New England Baseball Complex
- Address: 333 Southwest Cutoff, Northborough, Massachusetts, United States
- Coordinates: 42°17′07″N 71°39′57″W﻿ / ﻿42.28528°N 71.66583°W
- Owner: New England Baseball Enterprises
- Type: Baseball complex
- Event: Sporting events
- Surface: Artificial turf
- Scoreboard: Yes
- Acreage: 30

Construction
- Built: 2014
- Cost: $25 million

Tenants
- New England Ruffnecks (2014-2020) 3STEP Sports (2020-2025) Perfect Game, Inc. (2025-present)

Website
- newenglandbaseball.com

= New England Baseball Complex =

Baseball complex in Massachusetts, US

The New England Baseball Complex (NEBC) is a 30-acre baseball complex in Northborough, Massachusetts owned by the New England Baseball Enterprises. The complex is home to the New England Ruffnecks.

In the NEBC's opening season, multiple colleges have played here including Boston College Eagles against NC State Wolfpack in an Atlantic Coast Conference two game series.
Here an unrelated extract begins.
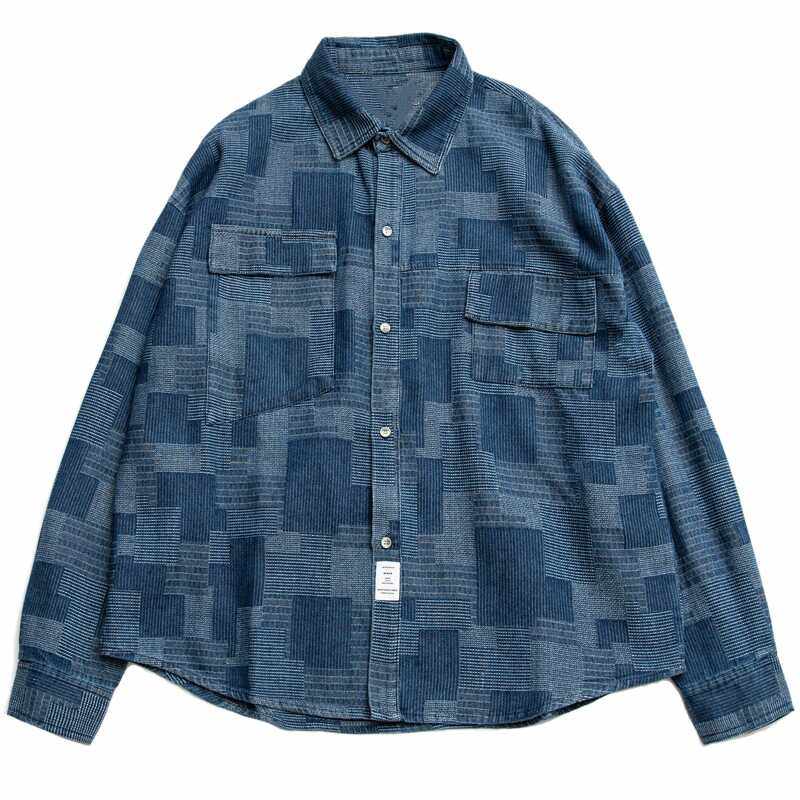 现货5折 KAPITAL JAPA平田衬衫衬衣春秋季男宽松格子长袖外套潮日 - 图3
Other schools include Connecticut Huskies, WPI Engineers and Holy Cross Crusaders.

Youth tournaments for ages 10 through 18 are held at the New England Baseball Complex quite often.

The three fields are the size of Major League Baseball, Babe Ruth League, or high school and college fields. They can be converted into smaller fields such as those for Little League Baseball and other youth baseball associations for children 12 and under. Lacrosse and Soccer are also capable of being hosted at the NEBC.

In the future, they plan to build indoor hitting tunnels, and a clubhouse for Ruffneck players and teams. They also plan for a performance training facility.